→ **DATA SECTION**:
-- Opening Marker --
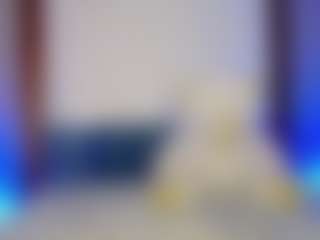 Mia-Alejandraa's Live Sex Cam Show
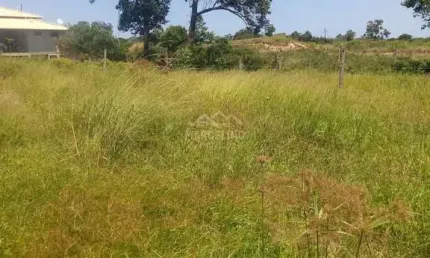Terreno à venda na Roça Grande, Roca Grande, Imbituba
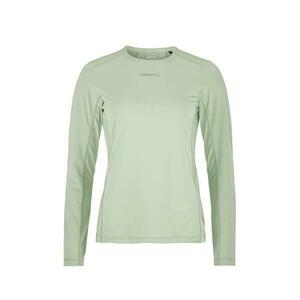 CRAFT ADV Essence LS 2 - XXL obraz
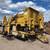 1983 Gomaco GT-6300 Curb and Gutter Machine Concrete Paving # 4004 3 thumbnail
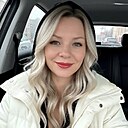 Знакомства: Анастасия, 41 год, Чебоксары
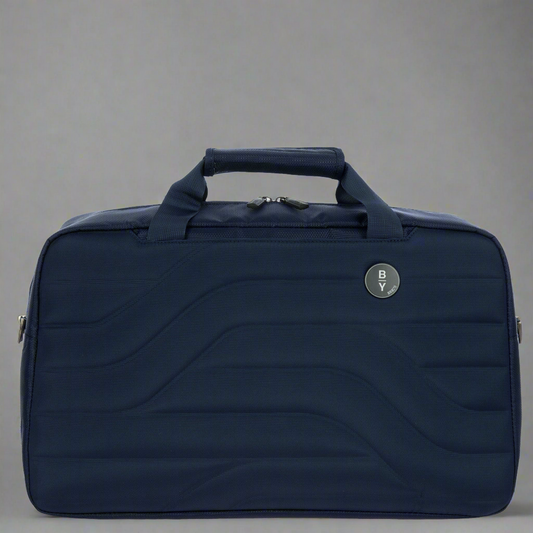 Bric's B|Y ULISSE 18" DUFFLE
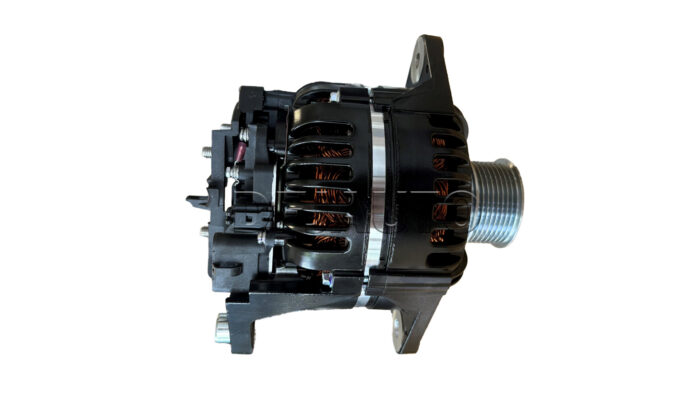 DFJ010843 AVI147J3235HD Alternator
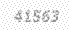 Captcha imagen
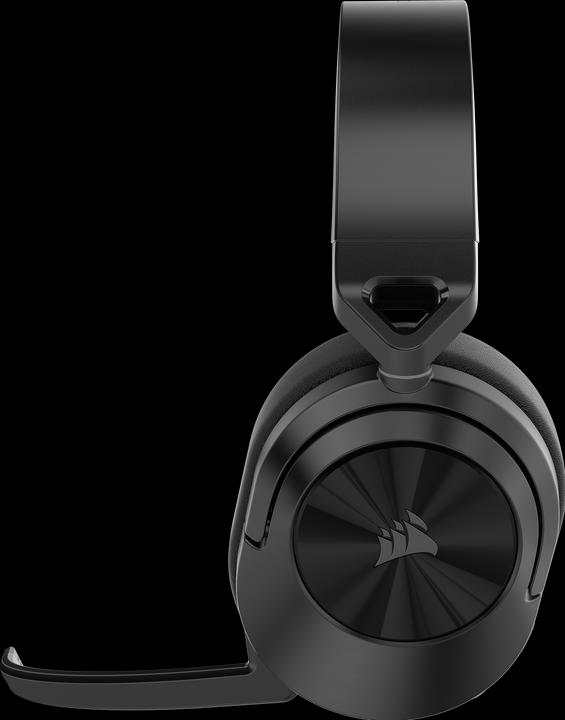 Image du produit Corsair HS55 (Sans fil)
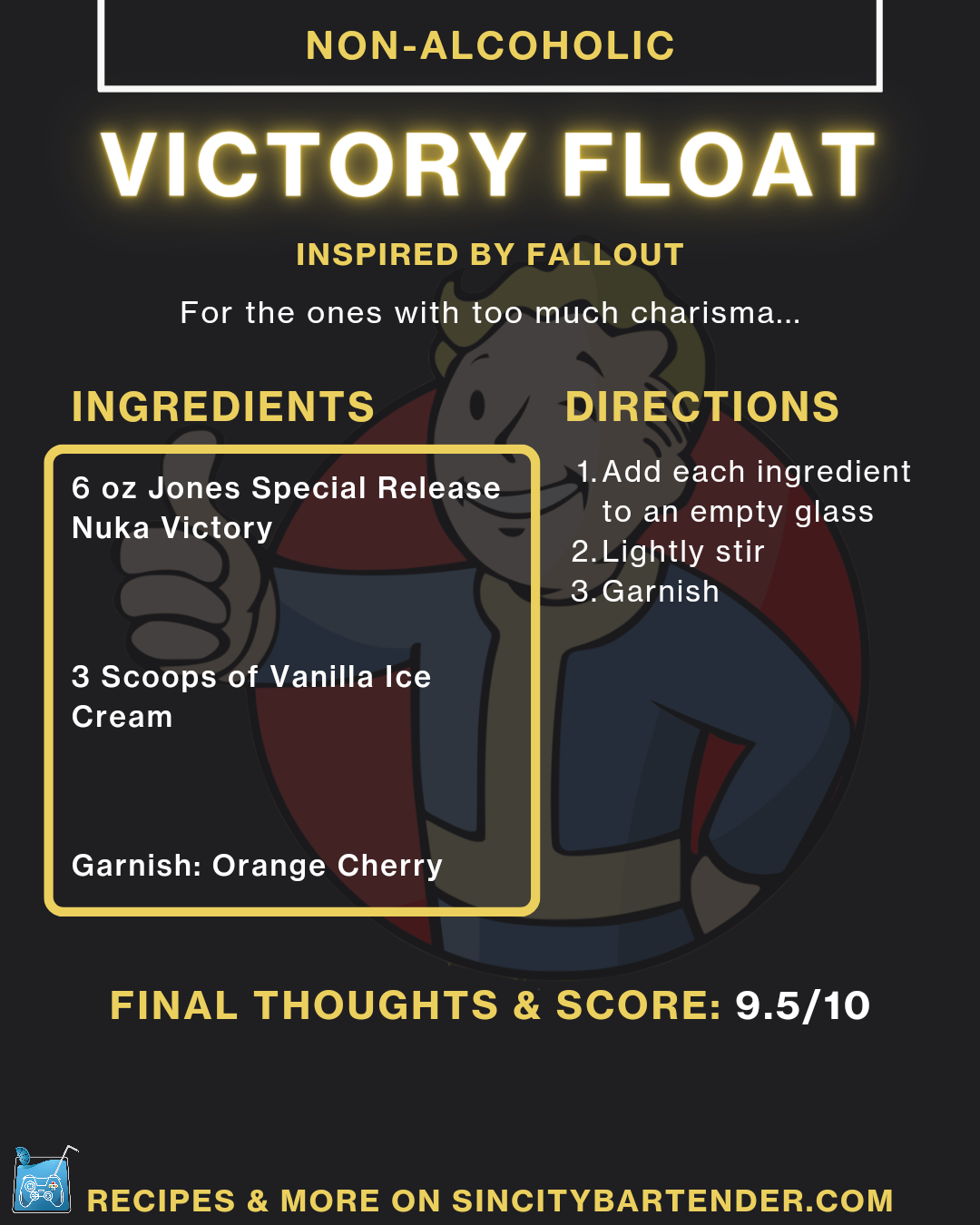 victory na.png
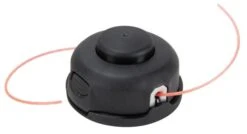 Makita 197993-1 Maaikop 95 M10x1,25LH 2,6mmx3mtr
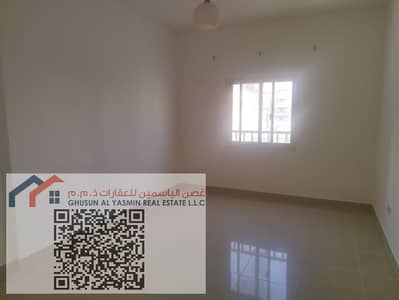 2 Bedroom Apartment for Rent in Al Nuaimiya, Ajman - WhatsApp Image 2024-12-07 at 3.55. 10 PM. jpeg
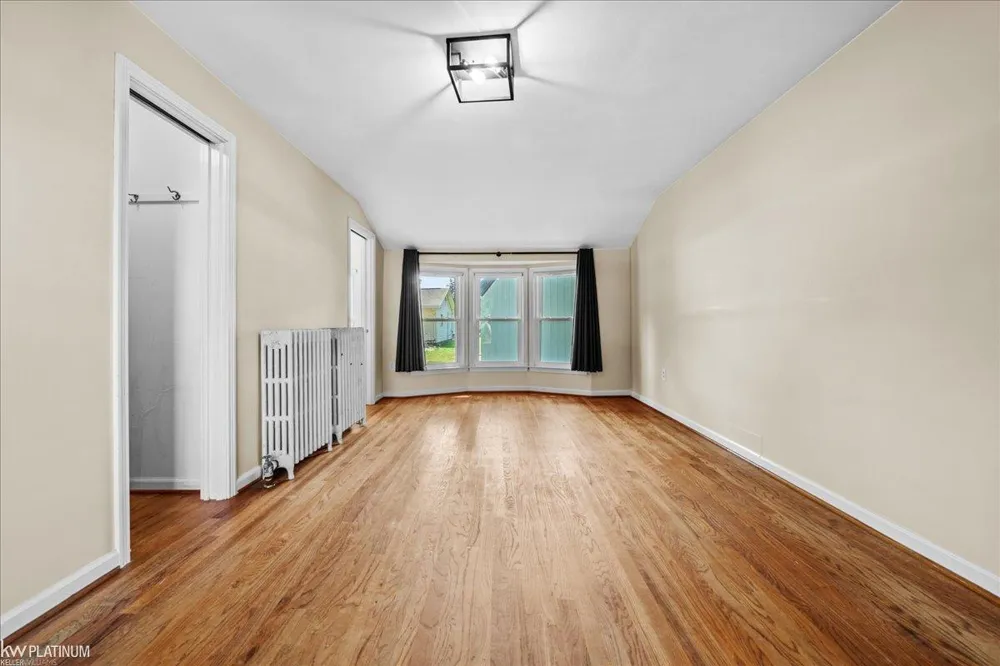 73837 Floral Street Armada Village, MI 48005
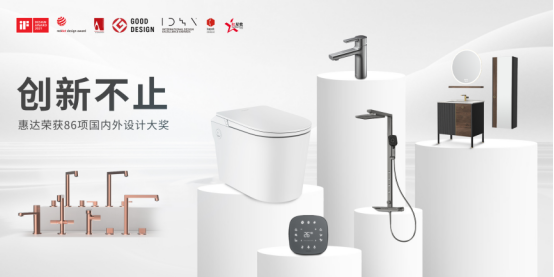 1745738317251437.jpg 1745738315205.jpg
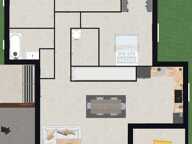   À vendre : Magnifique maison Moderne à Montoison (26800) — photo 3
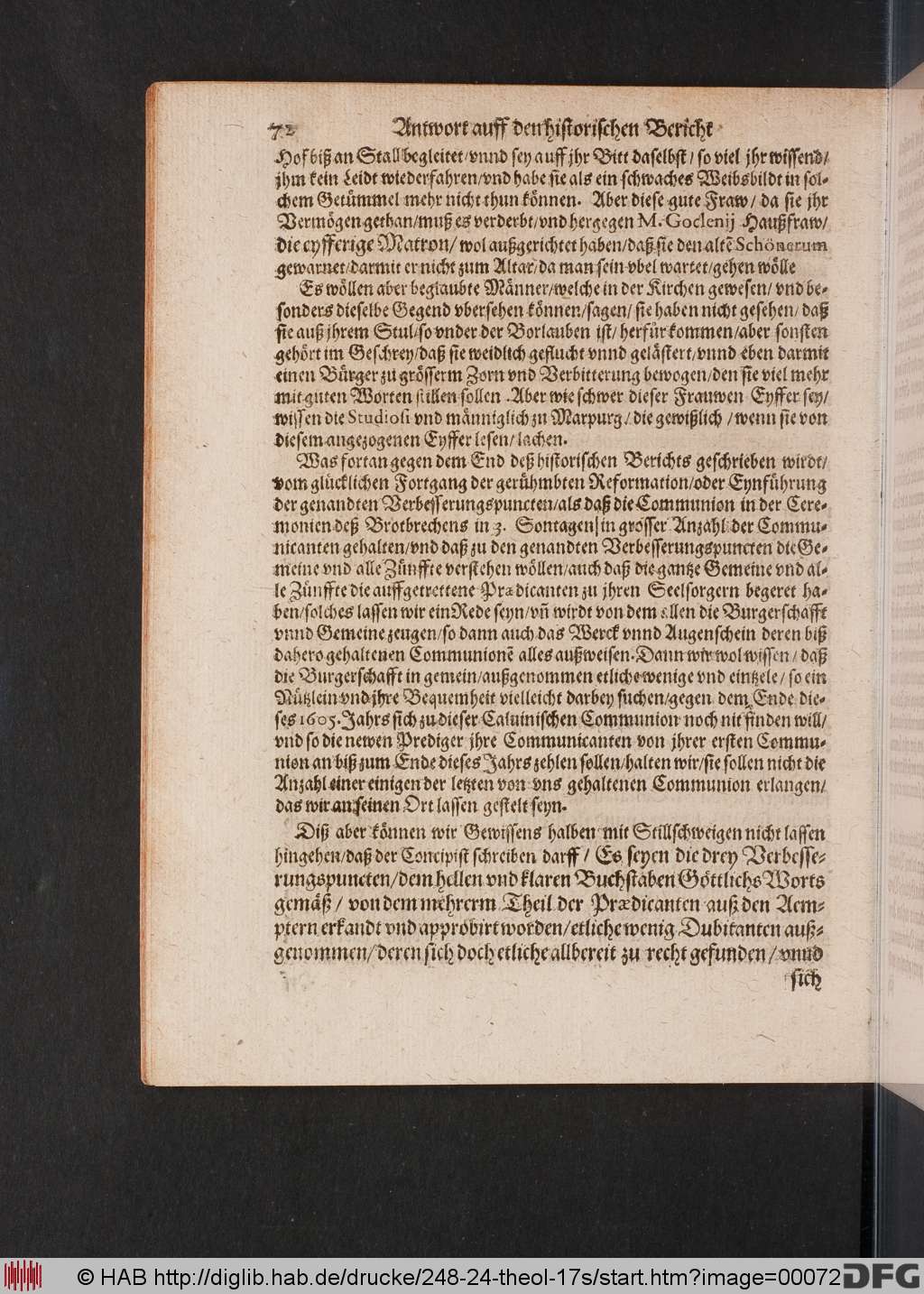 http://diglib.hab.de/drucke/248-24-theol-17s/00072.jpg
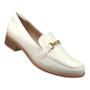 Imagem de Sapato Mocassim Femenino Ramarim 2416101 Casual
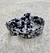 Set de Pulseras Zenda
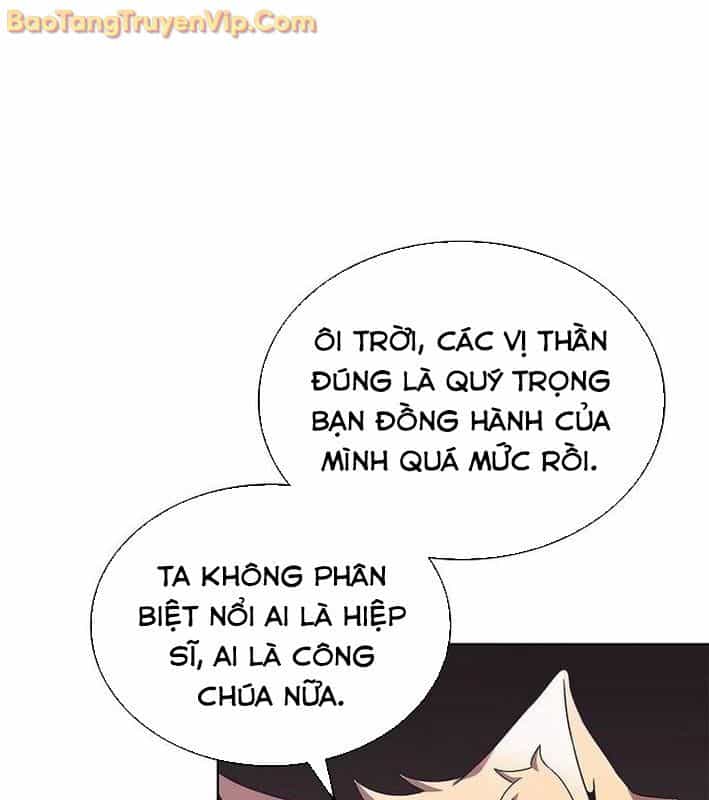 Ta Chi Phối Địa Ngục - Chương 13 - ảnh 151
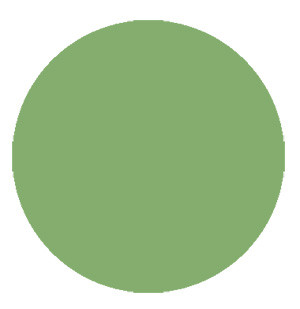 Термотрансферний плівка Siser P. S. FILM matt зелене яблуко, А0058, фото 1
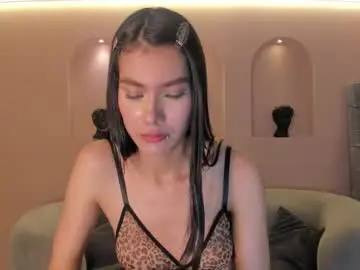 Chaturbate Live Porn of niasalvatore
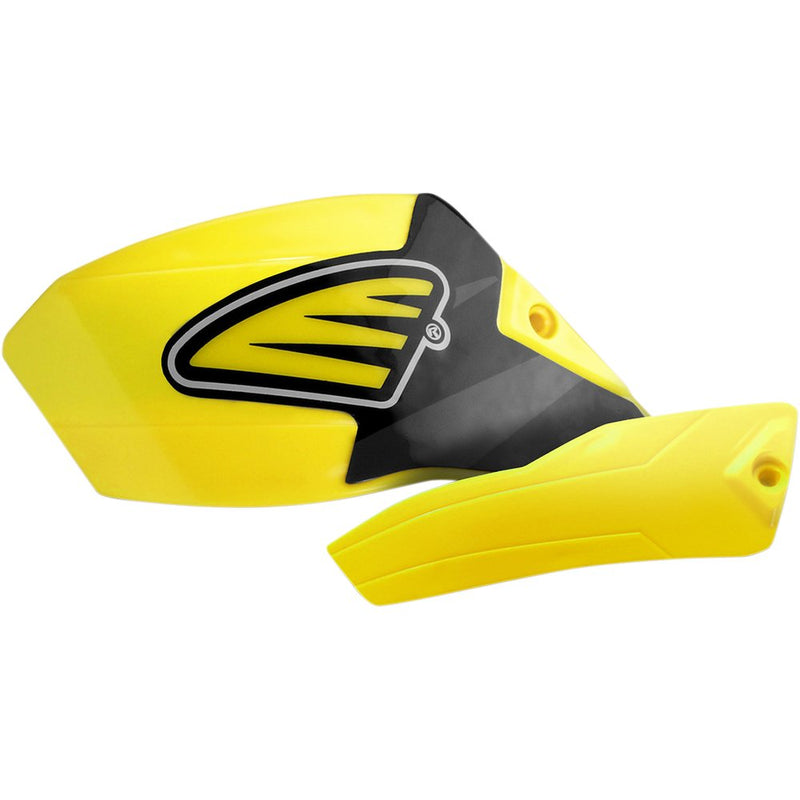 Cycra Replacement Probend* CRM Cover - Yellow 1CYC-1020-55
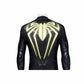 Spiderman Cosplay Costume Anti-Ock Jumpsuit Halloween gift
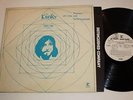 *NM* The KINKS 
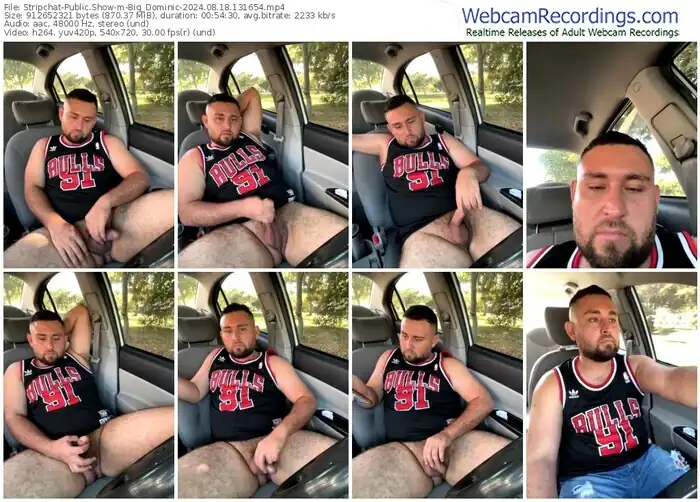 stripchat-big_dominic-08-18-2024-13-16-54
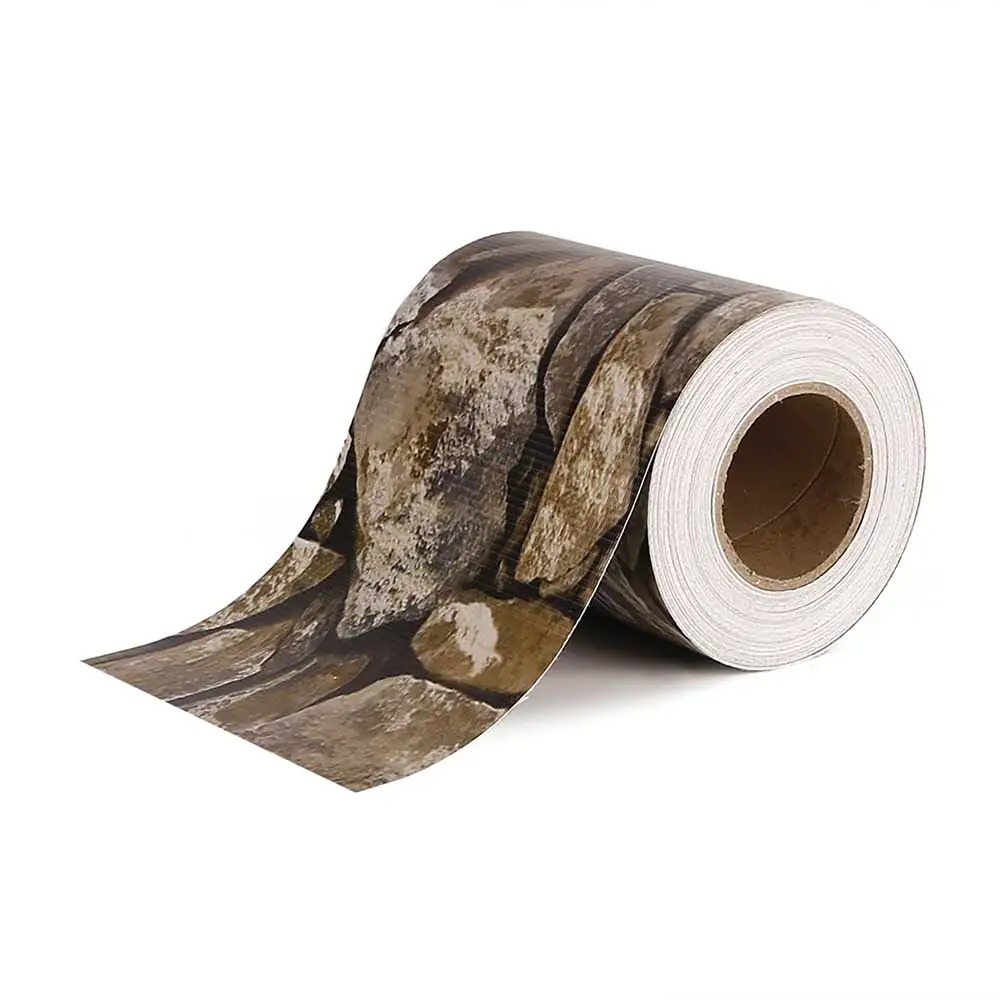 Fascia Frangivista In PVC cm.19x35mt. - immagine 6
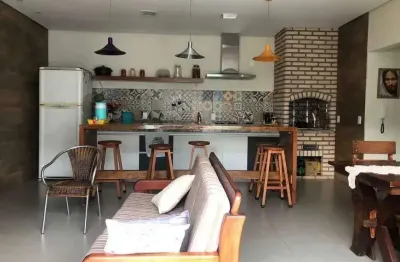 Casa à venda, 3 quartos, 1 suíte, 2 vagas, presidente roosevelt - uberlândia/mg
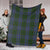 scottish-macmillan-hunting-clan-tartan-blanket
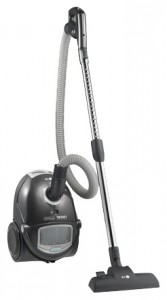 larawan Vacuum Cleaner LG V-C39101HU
-- Closing Marker --
→ **THE TASK**: Reproduce the listing above exactly, without a single picture.

→ **OUTPUT OF THE EXERCISE**:
 Mia-Alejandraa's Live Sex Cam Show
Terreno à venda na Roça Grande, Roca Grande, Imbituba
 CRAFT ADV Essence LS 2 - XXL obraz
 1983 Gomaco GT-6300 Curb and Gutter Machine Concrete Paving # 4004 3 thumbnail
 Знакомства: Анастасия, 41 год, Чебоксары
 Bric's B|Y ULISSE 18" DUFFLE
 DFJ010843 AVI147J3235HD Alternator
 Captcha imagen
 Image du produit Corsair HS55 (Sans fil)
 victory na.png
 Makita 197993-1 Maaikop 95 M10x1,25LH 2,6mmx3mtr
 2 Bedroom Apartment for Rent in Al Nuaimiya, Ajman - WhatsApp Image 2024-12-07 at 3.55. 10 PM. jpeg
 73837 Floral Street Armada Village, MI 48005
 1745738317251437.jpg 1745738315205.jpg
   À vendre : Magnifique maison Moderne à Montoison (26800) — photo 3
 http://diglib.hab.de/drucke/248-24-theol-17s/00072.jpg
 Imagem de Sapato Mocassim Femenino Ramarim 2416101 Casual
 Set de Pulseras Zenda
 Ta Chi Phối Địa Ngục - Chương 13 - ảnh 151
 Термотрансферний плівка Siser P. S. FILM matt зелене яблуко, А0058, фото 1
 Chaturbate Live Porn of niasalvatore
 Cycra Replacement Probend* CRM Cover - Yellow 1CYC-1020-55
 Spiderman Cosplay Costume Anti-Ock Jumpsuit Halloween gift
 *NM* The KINKS 
 stripchat-big_dominic-08-18-2024-13-16-54
 Fascia Frangivista In PVC cm.19x35mt. - immagine 6
 Casa à venda, 3 quartos, 1 suíte, 2 vagas, presidente roosevelt - uberlândia/mg
 scottish-macmillan-hunting-clan-tartan-blanket
 larawan Vacuum Cleaner LG V-C39101HU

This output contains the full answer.